• [Exercise requirements]: Exactly as written, return all the data, leaving its pictures behind.

• [Data]:
'''

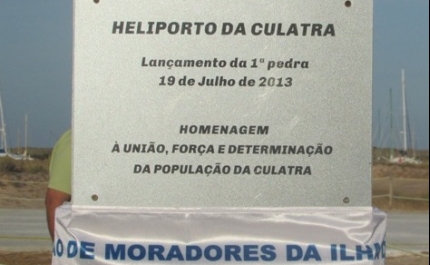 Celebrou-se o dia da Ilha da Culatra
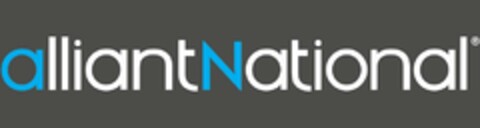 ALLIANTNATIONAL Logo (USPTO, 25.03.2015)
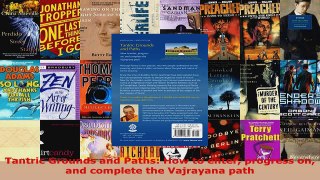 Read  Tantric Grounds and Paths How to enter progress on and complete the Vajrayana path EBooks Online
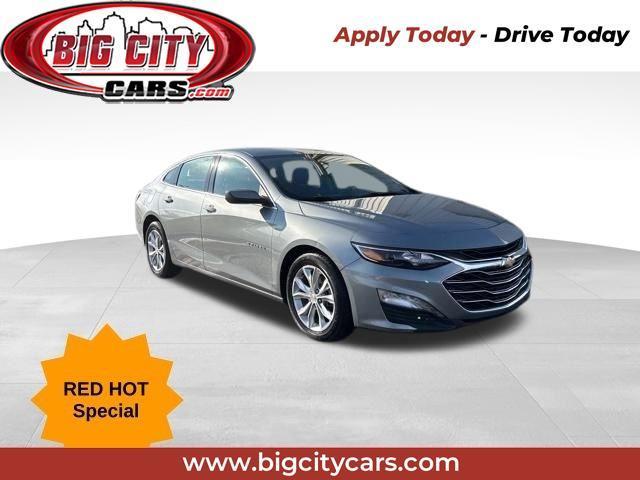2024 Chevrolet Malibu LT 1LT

'''

• [Response]:
 Celebrou-se o dia da Ilha da Culatra
 ALLIANTNATIONAL Logo (USPTO, 25.03.2015)
 Read  Tantric Grounds and Paths How to enter progress on and complete the Vajrayana path EBooks Online
2024 Chevrolet Malibu LT 1LT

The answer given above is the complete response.